▶ _PROBLEM TO WORK ON_
Each line of the data has to be written out again exactly as shown.

(Dataset entries)
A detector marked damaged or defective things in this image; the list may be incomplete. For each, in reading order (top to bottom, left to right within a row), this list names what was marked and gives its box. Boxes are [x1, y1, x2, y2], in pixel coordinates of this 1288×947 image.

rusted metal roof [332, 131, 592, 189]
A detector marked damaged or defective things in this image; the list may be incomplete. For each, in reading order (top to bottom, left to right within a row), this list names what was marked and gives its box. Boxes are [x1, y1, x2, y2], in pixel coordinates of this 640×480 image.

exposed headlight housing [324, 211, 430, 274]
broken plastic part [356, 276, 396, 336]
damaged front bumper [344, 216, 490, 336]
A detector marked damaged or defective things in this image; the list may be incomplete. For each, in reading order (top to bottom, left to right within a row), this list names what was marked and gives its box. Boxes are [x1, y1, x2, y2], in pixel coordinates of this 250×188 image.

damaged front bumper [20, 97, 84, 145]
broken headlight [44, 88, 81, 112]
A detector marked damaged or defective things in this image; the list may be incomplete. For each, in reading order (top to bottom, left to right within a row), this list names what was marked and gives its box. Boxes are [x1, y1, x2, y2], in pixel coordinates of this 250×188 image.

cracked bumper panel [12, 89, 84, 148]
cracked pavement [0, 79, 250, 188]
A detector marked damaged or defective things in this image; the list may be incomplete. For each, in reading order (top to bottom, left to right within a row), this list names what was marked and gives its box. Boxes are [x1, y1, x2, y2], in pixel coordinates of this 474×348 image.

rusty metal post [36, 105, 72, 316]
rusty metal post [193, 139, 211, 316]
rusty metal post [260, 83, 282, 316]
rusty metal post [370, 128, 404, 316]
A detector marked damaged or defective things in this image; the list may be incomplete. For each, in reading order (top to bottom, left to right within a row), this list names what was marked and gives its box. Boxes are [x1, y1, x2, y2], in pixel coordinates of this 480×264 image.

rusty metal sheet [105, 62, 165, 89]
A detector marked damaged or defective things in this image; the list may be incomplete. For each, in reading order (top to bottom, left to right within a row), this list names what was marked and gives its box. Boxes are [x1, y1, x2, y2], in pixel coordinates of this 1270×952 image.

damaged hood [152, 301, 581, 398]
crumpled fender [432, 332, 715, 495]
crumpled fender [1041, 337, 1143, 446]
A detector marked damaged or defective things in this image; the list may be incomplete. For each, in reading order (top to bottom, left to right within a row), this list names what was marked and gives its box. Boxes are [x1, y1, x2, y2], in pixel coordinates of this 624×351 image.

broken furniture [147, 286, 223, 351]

▶ _TASK RESULT_
A detector marked damaged or defective things in this image; the list may be incomplete. For each, in reading order (top to bottom, left to right within a row), this list names what was marked and gives its box. Boxes are [x1, y1, x2, y2], in pixel coordinates of this 1288×947 image.

rusted metal roof [332, 131, 592, 189]
A detector marked damaged or defective things in this image; the list may be incomplete. For each, in reading order (top to bottom, left to right within a row), this list names what was marked and gives its box. Boxes are [x1, y1, x2, y2], in pixel coordinates of this 640×480 image.

exposed headlight housing [324, 211, 430, 274]
broken plastic part [356, 276, 396, 336]
damaged front bumper [344, 216, 490, 336]
A detector marked damaged or defective things in this image; the list may be incomplete. For each, in reading order (top to bottom, left to right within a row), this list names what was marked and gives its box. Boxes are [x1, y1, x2, y2], in pixel coordinates of this 250×188 image.

damaged front bumper [20, 97, 84, 145]
broken headlight [44, 88, 81, 112]
A detector marked damaged or defective things in this image; the list may be incomplete. For each, in reading order (top to bottom, left to right within a row), this list names what was marked and gives its box. Boxes are [x1, y1, x2, y2], in pixel coordinates of this 250×188 image.

cracked bumper panel [12, 89, 84, 148]
cracked pavement [0, 79, 250, 188]
A detector marked damaged or defective things in this image; the list may be incomplete. For each, in reading order (top to bottom, left to right within a row), this list names what was marked and gives its box. Boxes are [x1, y1, x2, y2], in pixel coordinates of this 474×348 image.

rusty metal post [36, 105, 72, 316]
rusty metal post [193, 139, 211, 316]
rusty metal post [260, 83, 282, 316]
rusty metal post [370, 128, 404, 316]
A detector marked damaged or defective things in this image; the list may be incomplete. For each, in reading order (top to bottom, left to right within a row), this list names what was marked and gives its box. Boxes are [x1, y1, x2, y2], in pixel coordinates of this 480×264 image.

rusty metal sheet [105, 62, 165, 89]
A detector marked damaged or defective things in this image; the list may be incomplete. For each, in reading order (top to bottom, left to right within a row), this list names what was marked and gives its box. Boxes are [x1, y1, x2, y2], in pixel coordinates of this 1270×952 image.

damaged hood [152, 301, 581, 398]
crumpled fender [432, 332, 715, 495]
crumpled fender [1041, 337, 1143, 446]
A detector marked damaged or defective things in this image; the list may be incomplete. For each, in reading order (top to bottom, left to right within a row), this list names what was marked and gives its box. Boxes are [x1, y1, x2, y2], in pixel coordinates of this 624×351 image.

broken furniture [147, 286, 223, 351]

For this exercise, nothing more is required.